Why is this so? Isn't a domain of odd integers a subset of all integers? i.e. if x = 3, the function would spit out 7 which is an odd integer.
Also:
- $f : \mathbb{Z} \rightarrow \mathbb{R}, f(n)= \pm n$
This is not a function as a single input will yield two values, namely a positive and negative value.
However,
- $f : \mathbb{Z} \rightarrow \mathbb{R}, f(n)= n$
Is this a function? Considering that any integer will yield another integer, and since integers are a subset of real numbers, is this a valid function?
To the first question, a surjective function explicitly requires that it covers the entire codomain, not just a subset.

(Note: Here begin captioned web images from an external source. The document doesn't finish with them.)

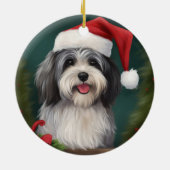 Havanese Hond in Sneeuw Kerstmis Keramisch Ornament (Achterkant)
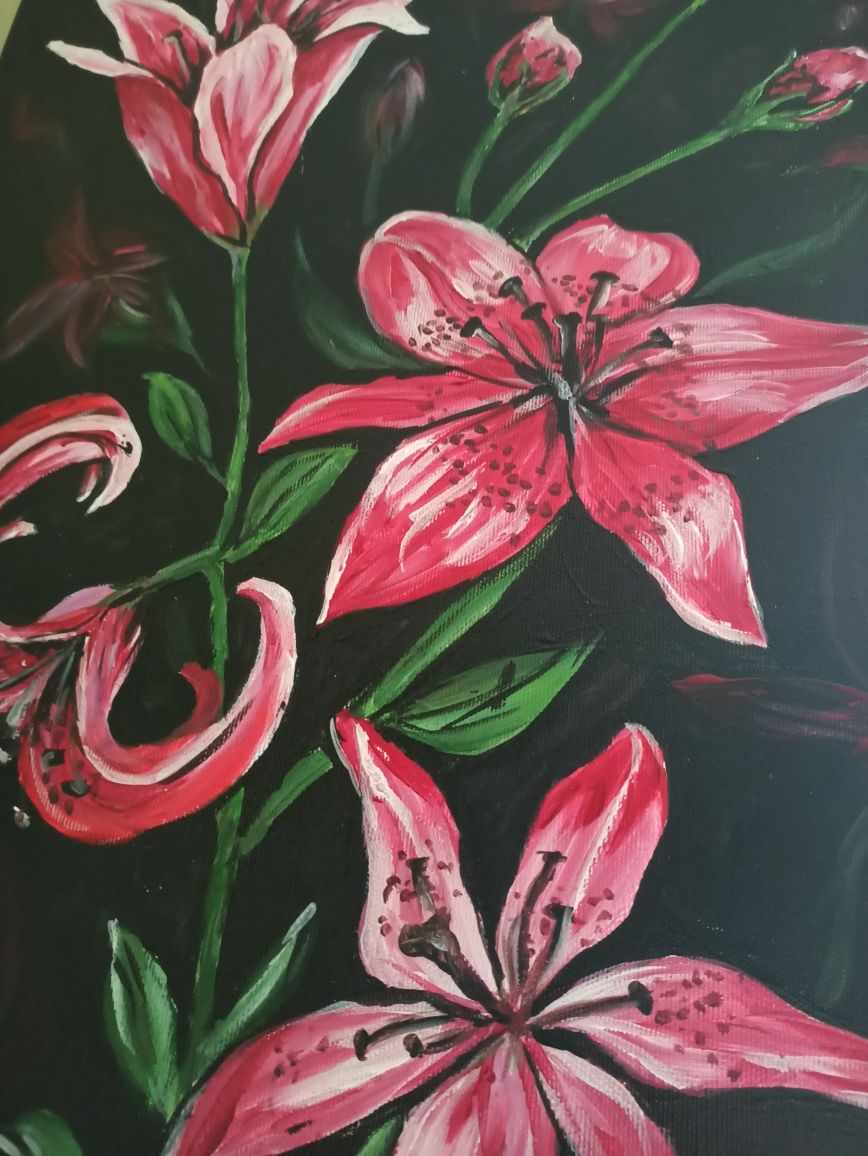 Lilie, obraz akrylowy, 40x60 cm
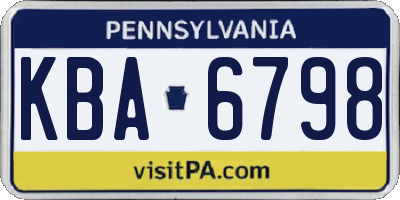 PA license plate KBA6798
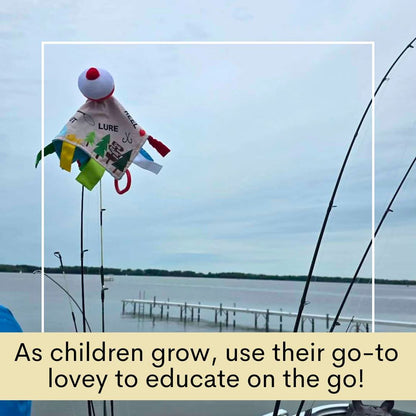 Fishing Bobber Baby Lovey Tag Stroller Toy 10" x 10"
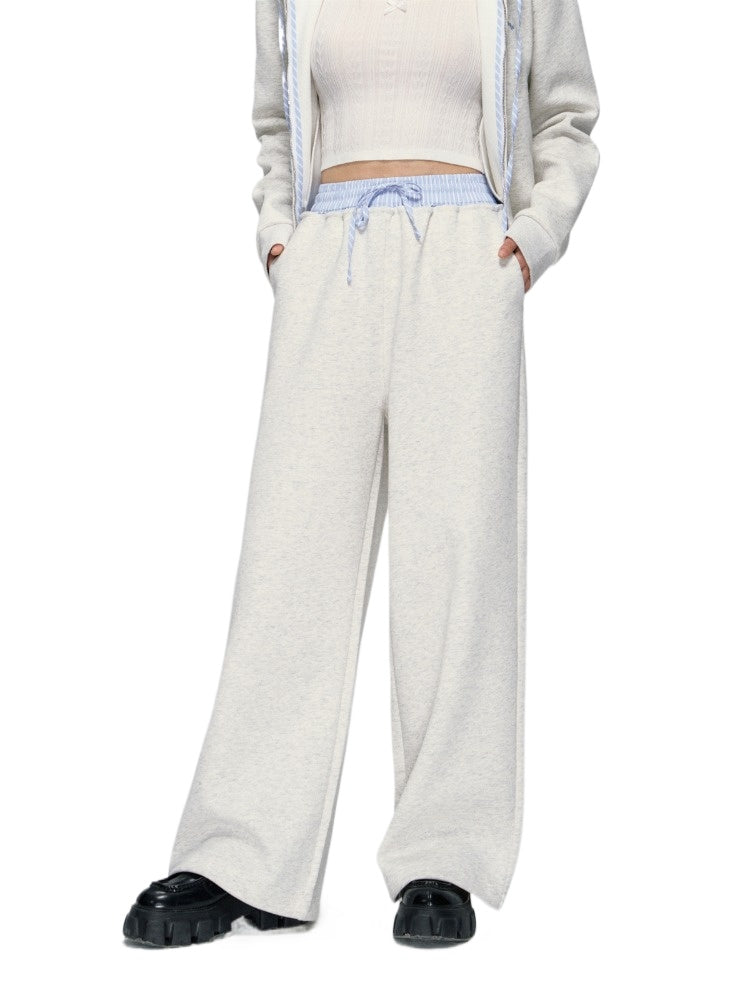 Striped Contrast Waist Wide-Leg Pants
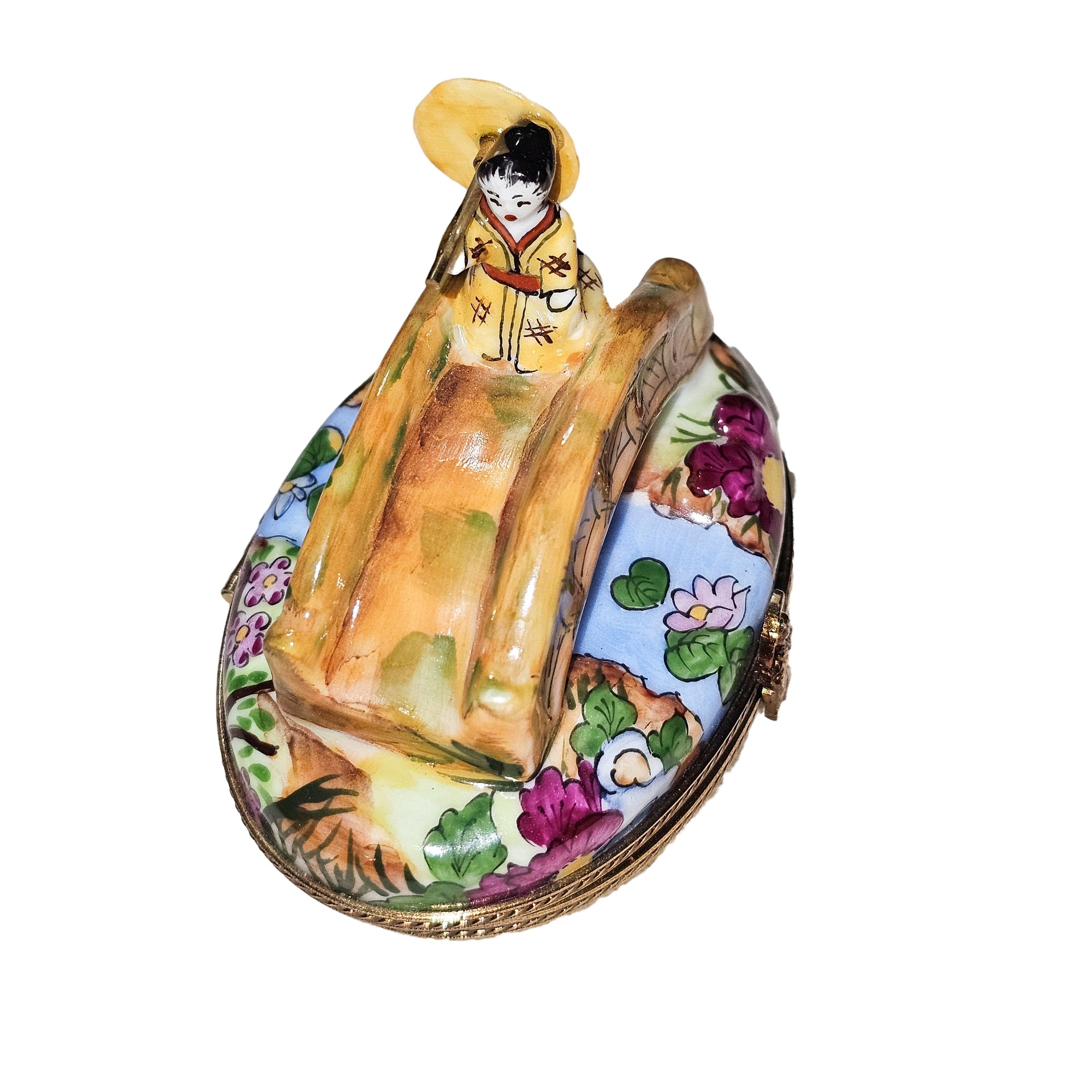 Oriental Woman Bridge Treasure Porcelain Limoges travel world French Trinket Box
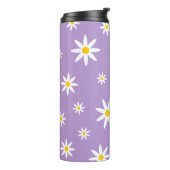 Paarse Daisy Thermal Tumbler Thermosbeker (Gedraaid links)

If the definition allowed for mappings to a subset of the codomain, then every function is surjective, and the term is meaningless. Yes, $f(3) = 7$, but for what value of $x$ does $f(x)=10$?
As for your second function, why do you think it wouldn't be a valid function? A function simply requires that every member of the domain has an image, and only one image. What has you concerned here?